Those who are used to HCL will see that the source is a direct reference. This means that Packer natively solves a dependency link between the two elements.

Then we can see that I use "provisionners," the role of these elements is precisely to do the provisioning, there are dozens. It is for example possible to use Ansible to do its configuration.

You can find the complete list of provisioners here: https://www.packer.io/docs/provisioners.

For my part, I chose to use two of them:

  • I copy my SSH keys that I have generated in my virtual machine
  • I then run an installation script that I made, note the invocation of sudo for the launch. By default Packer runs the commands via the user specified in sources.

Finally, I have a "post-processor", the role of this element is to export my box once the configuration of my virtual machine is finished. In my case, the export is Vagrant, which means that packer will create a box vagrant from the Virtualbox virtual machine. As for providers and provisioners, there are many post-processors: https://www.packer.io/docs/post-processors

The installation script

As we have seen above, I have a small Shell script that is invoked to perform the provisioning of my machine. Here is the content of this script, which is quite basic.

#!/bin/sh
# Deploy keys to allow all nodes to connect each others as root
mkdir /root/.ssh/
mv /tmp/id_rsa*  /root/.ssh/

chmod 400 /root/.ssh/id_rsa*
chown root:root  /root/.ssh/id_rsa*

cat /root/.ssh/id_rsa.pub >> /root/.ssh/authorized_keys
chmod 400 /root/.ssh/authorized_keys
chown root:root /root/.ssh/authorized_keys

# Install updates and curl
apt update
apt install -y curl
# Apt cleanup.
apt autoremove -y
apt update

#  Blank netplan machine-id (DUID) so machines get unique ID generated on boot.
truncate -s 0 /etc/machine-id
rm /var/lib/dbus/machine-id
ln -s /etc/machine-id /var/lib/dbus/machine-id

# Download k3s
curl -L https://get.k3s.io -o /home/packer/k3s
chmod +x /home/packer/k3s

# Download Traefik
curl -L https://github.com/containous/traefik/releases/download/v2.2.11/traefik_v2.2.11_linux_amd64.tar.gz -o /home/packer/traefik.tar.gz
cd /home/packer
tar xvfz ./traefik.tar.gz
rm ./traefik.tar.gz
chmod +x /home/packer/traefik

At first, we can find the deployment of my SSH key. When we were running Vagrant, it was him who did this installation. Now Packer does it for us. This will also allow us to connect directly using these keys.

Then I update my packages and install curl, because the image I use is a "minimal" image without this package. Then I clean up the useless packages. Besides the aspect of a clean installation, it allows reducing the size of my box.

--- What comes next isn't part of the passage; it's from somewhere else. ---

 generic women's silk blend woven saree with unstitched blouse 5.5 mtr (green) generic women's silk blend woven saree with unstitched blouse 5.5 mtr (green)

A small cleaning is then done so that our machine does not have an identifier linked to it, a very important point for Vagrant, without which we can have conflicts between our virtual machines.

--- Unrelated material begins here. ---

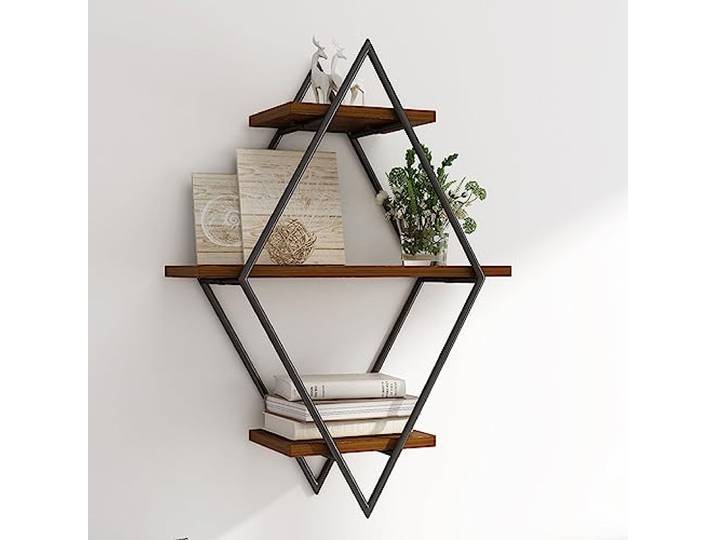 3-stufige Holzschwebeplatten Wandmontage Rustikaler Farmhausstil Industrielle Geometrie Schwerlast Hängende Schwebende Regale Für Schlafzimmer, Lagerung, Küche, Wohnzimmer ( Color : Black walnut , Siz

Finally, I download K3S and Traefik, which I put in /home/packer. This will allow Packer to use them directly.

The preseed file

This file is probably the most "raw", but very important, because it is the one that will perform the installation of the base of our machine.


d-i base-installer/kernel/override-image string linux-server
d-i clock-setup/utc boolean true
d-i clock-setup/utc-auto boolean true
d-i finish-install/reboot_in_progress note
d-i grub-installer/only_debian boolean true
d-i grub-installer/with_other_os boolean true
d-i partman-auto/disk string /dev/sda
d-i partman-auto-lvm/guided_size string max
d-i partman-auto/choose_recipe select atomic
d-i partman-auto/method string lvm
d-i partman-lvm/confirm boolean true
d-i partman-lvm/confirm boolean true
d-i partman-lvm/confirm_nooverwrite boolean true
d-i partman-lvm/device_remove_lvm boolean true
d-i partman/choose_partition select finish
d-i partman/confirm boolean true
d-i partman/confirm_nooverwrite boolean true
d-i partman/confirm_write_new_label boolean true
d-i pkgsel/include string openssh-server cryptsetup build-essential libssl-dev libreadline-dev zlib1g-dev linux-source dkms nfs-common
d-i pkgsel/install-language-support boolean false
d-i pkgsel/update-policy select none
d-i pkgsel/upgrade select full-upgrade
d-i time/zone string UTC
tasksel tasksel/first multiselect standard, ubuntu-server

d-i console-setup/ask_detect boolean false
d-i keyboard-configuration/layoutcode string us
d-i keyboard-configuration/modelcode string pc105
d-i debian-installer/locale string en_US.UTF-8

# Create packer user account.
d-i passwd/user-fullname string packer
d-i passwd/username string packer
d-i passwd/user-password password packer
d-i passwd/user-password-again password packer
d-i user-setup/allow-password-weak boolean true
d-i user-setup/encrypt-home boolean false
d-i passwd/user-default-groups packer sudo
d-i passwd/user-uid string 900

These include, but are not limited to:

  • The configuration of the language and the keyboard layout
  • The partitioning of my disks
  • The basic packages to install
  • The creation of my user "packer

Let's launch it all!

Once we have all our files, we can launch the construction of my Vagrant box with packer with a simple :

packer build packer.pkr.hcl

As you can see below, this takes a few minutes and will perform all the actions I mentioned earlier.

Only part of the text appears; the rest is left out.